2)- Depois, opera-se a releitura teológica das referidas figuras, concluindo que “a exigência de uma regula fidei para realizar o discernimento do crer exige uma abertura, superando preconceitos e quebrando nossas categorias cristalizadas”, isto é, “só uma ‘normatividade aberta’ revela-se capaz de discernir a fé na ambiguidade do religioso” (p. 177).

3)- E, no entanto, perdura a questão: “Numa situação marcada pela ambiguidade das experiências religiosas, como discernir o crer em sentido cristão” (p. 175)?

4)- O objetivo da pesquisa, responde o autor, “não é tanto justificar ou julgar as experiências, mas relançar a reflexão, na perspectiva do futuro do próprio ato de crer” (p. 177).

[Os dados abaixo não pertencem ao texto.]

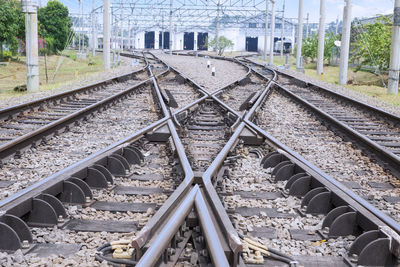 High angle view of railroad tracks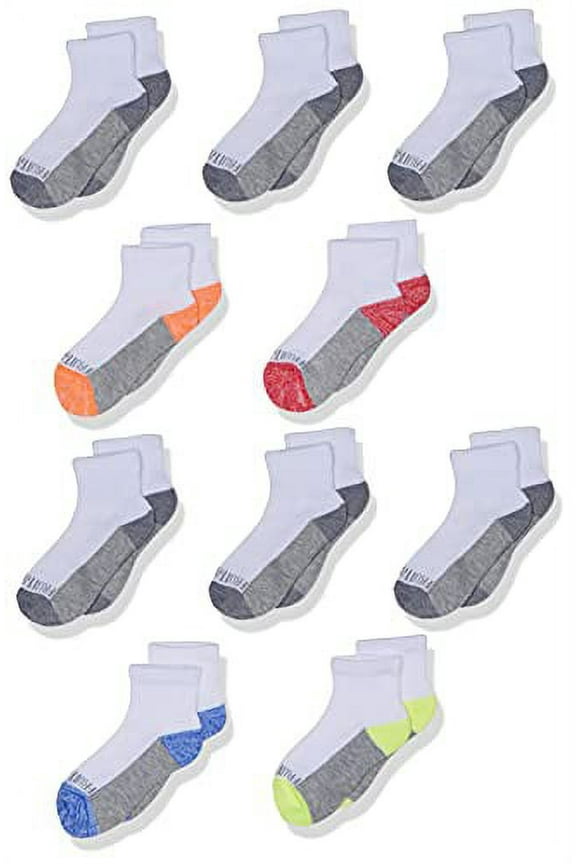 Little Boys' 10 Pack Half Cushion Ankle Socks, White Assort, Shoe Size: 92.5 (Medium)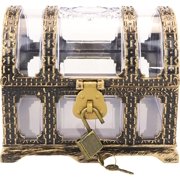 Pirate Treasure Chest for Kids Small Treasure Box with Lock and Key, Vintage Collection Box Plastic Jewelry Storage Container Display Toy Candy Seashell Gemstone Crystal Keepsake Gift A11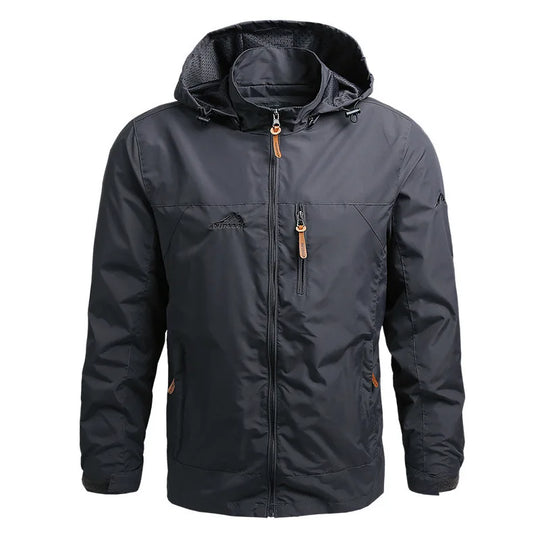 Funktionsjacke Herren Wetterfest Kapuze Zip Taschen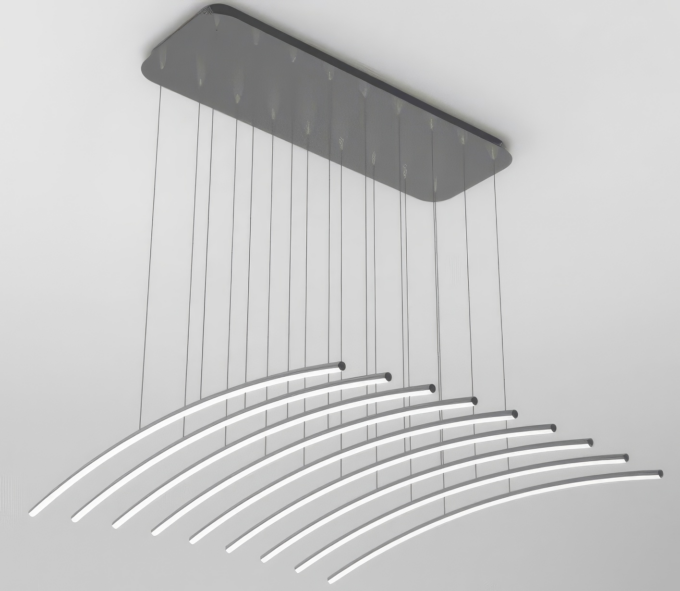 Modern LED pendant light with curved lines hanging from ceiling.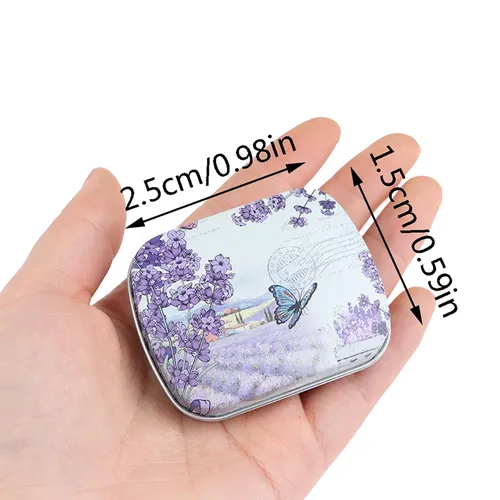 1pc Blechdose Blechdose Lavendel Mini Zinn Box Versiegelt Glas Verpackung Boxen Schmuck Candy Box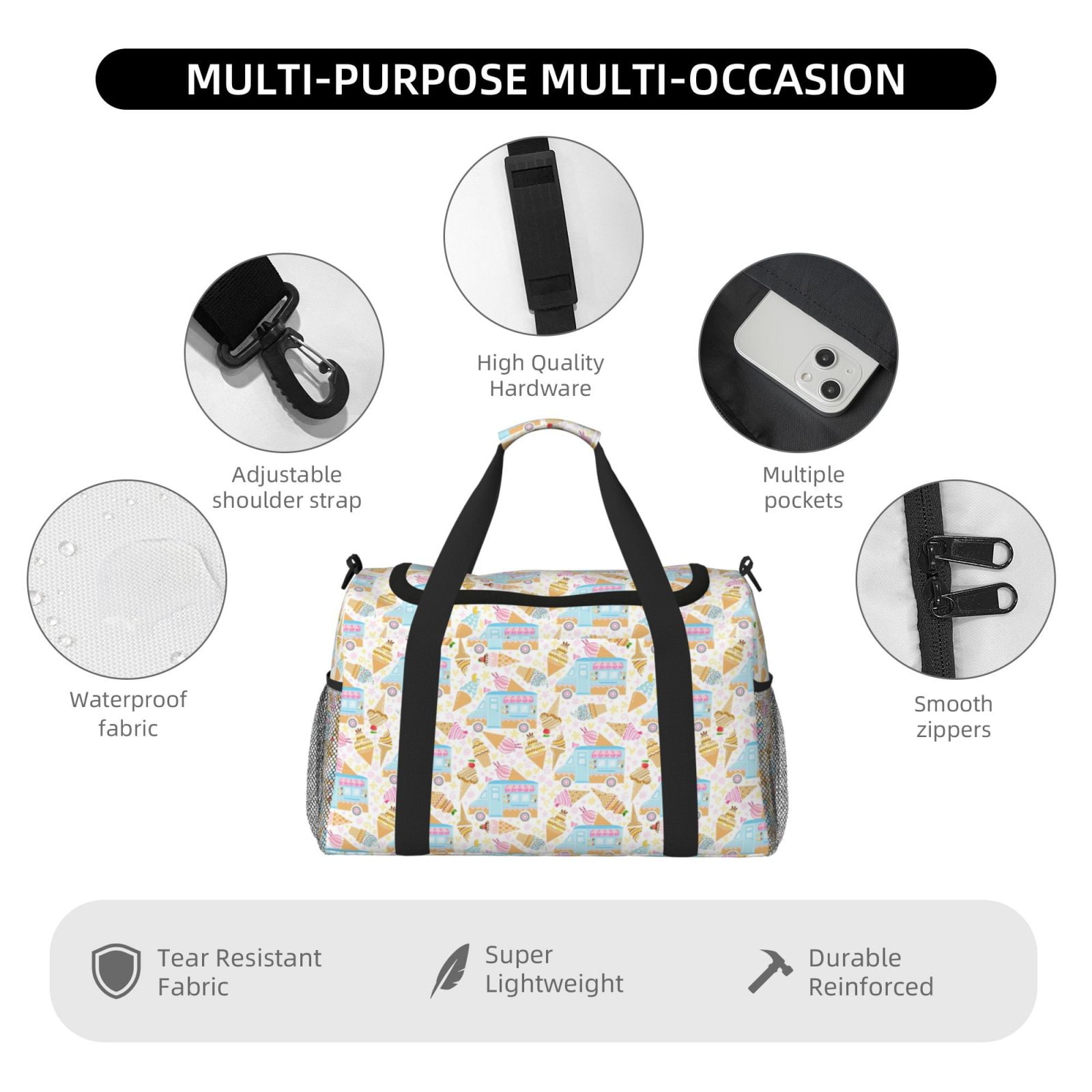 Picia Icecream Truck Print Travel Duffle Bag,Weekender Bags for Women with Shoe Compartment, Gym Duffel Bag with Wet Pocket, Hospital Bags for Labor and Delivery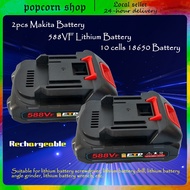 2Pcs Makita Rechargeable Lithium Battery 588VF 38600mAh Socket Impact Drill Grinder Impact Wrench Ch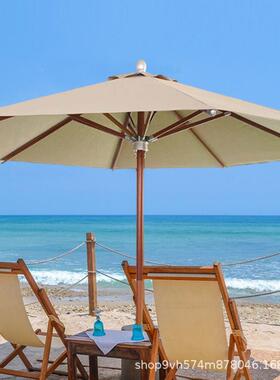 豪华遮户外中柱伞伞室外实木47825太阳能摊摆户外阳伞摆摊户外遮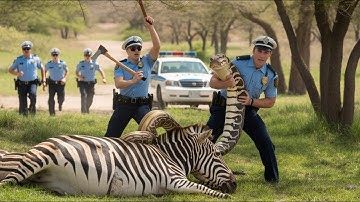 Animal Rescue: Brave Rescue Team RESCUES A Zebra From Giant Python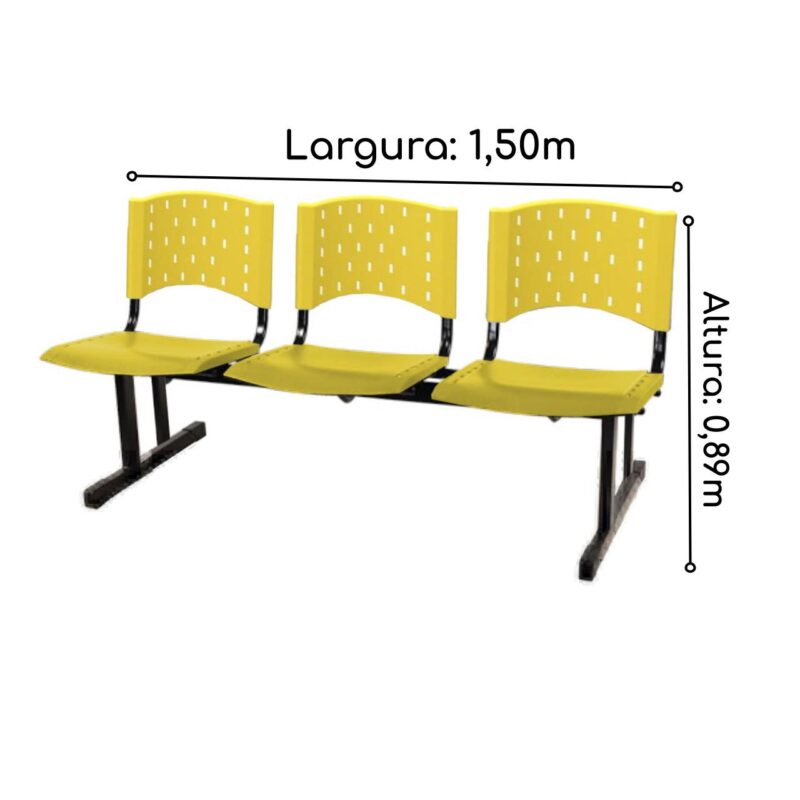 Cadeira Longarina PLÁSTICA 03 Lugares – Cor AMARELO 33094 Móveis Única Longarinas 3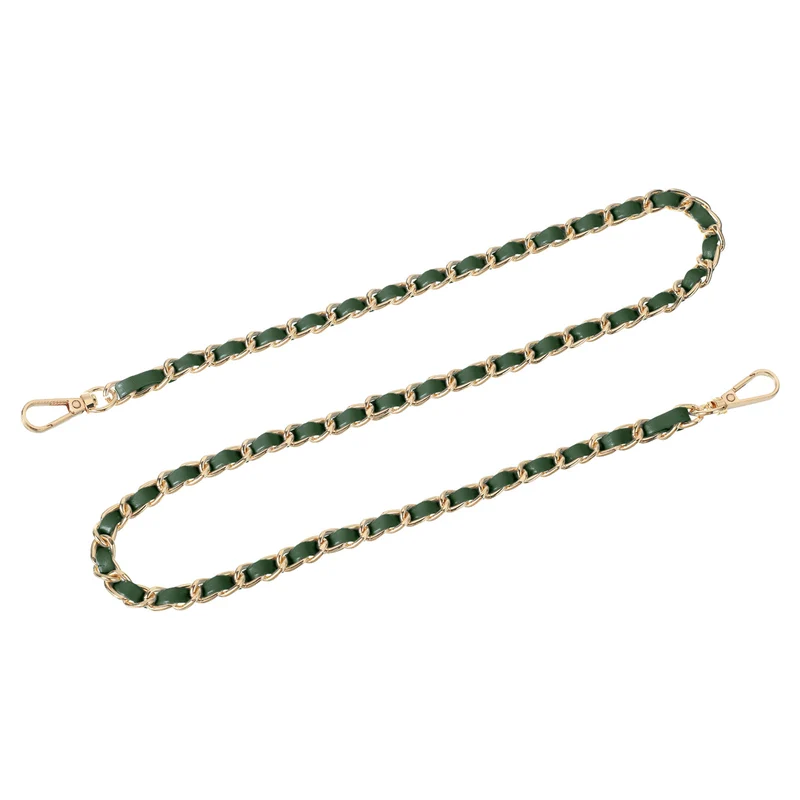 Purse Strap 32" Leather for Shoulder Strap Green Gold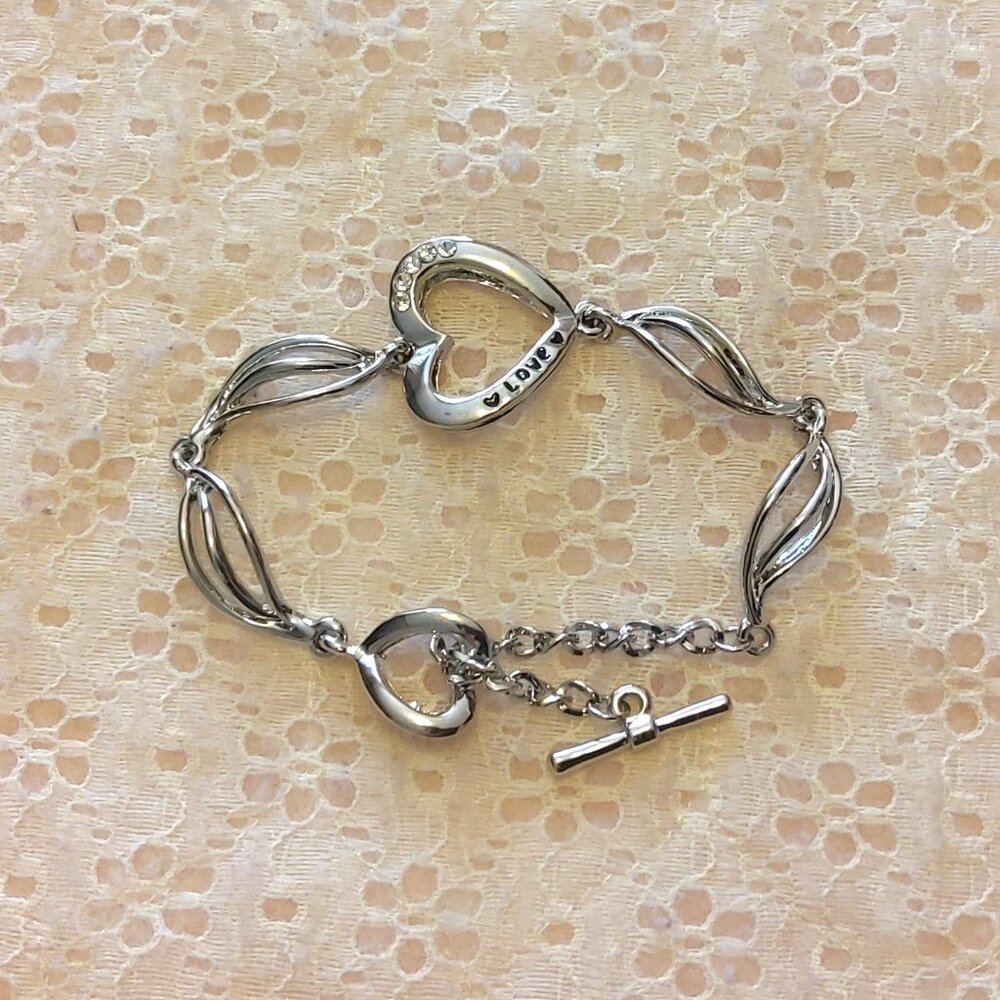 Vintage NEW Heart Multi Link Charms Silver Plated Bangle Bracelet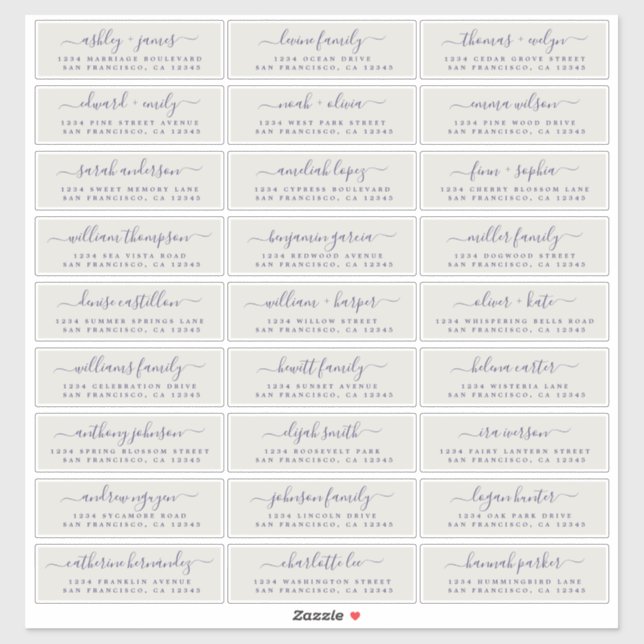 Customisable Wedding Guest Address Labels (Sheet)
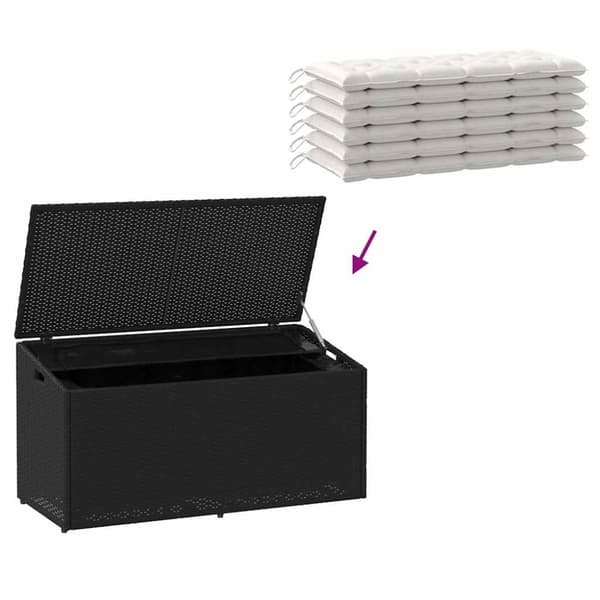 vidaXL opbevaringsboks til haven 110x50x58 cm polyrattan sort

6)- A obra O rosto plural da fé tem, na experiência plural e na ambiguidade religiosa, o desafio de posicionar-se face ao debate, ao mesmo tempo das sociedades plurais e do pluralismo religioso, que se entrecruzam na experiência da ambiguidade humana.

7)- O questionamento teológico defronta-se com o estatuto da verdade, ou seja, o que é a verdade cristã numa sociedade plural? Ou ainda, a verdade é por natureza intolerante?

8)- Estas questões são cruciais para todas as religiões, na medida em que se engajam no debate entre verdade dogmática e hermenêutica, entre confessionalidade e cidadania face à opinião pública secularizada e emancipada.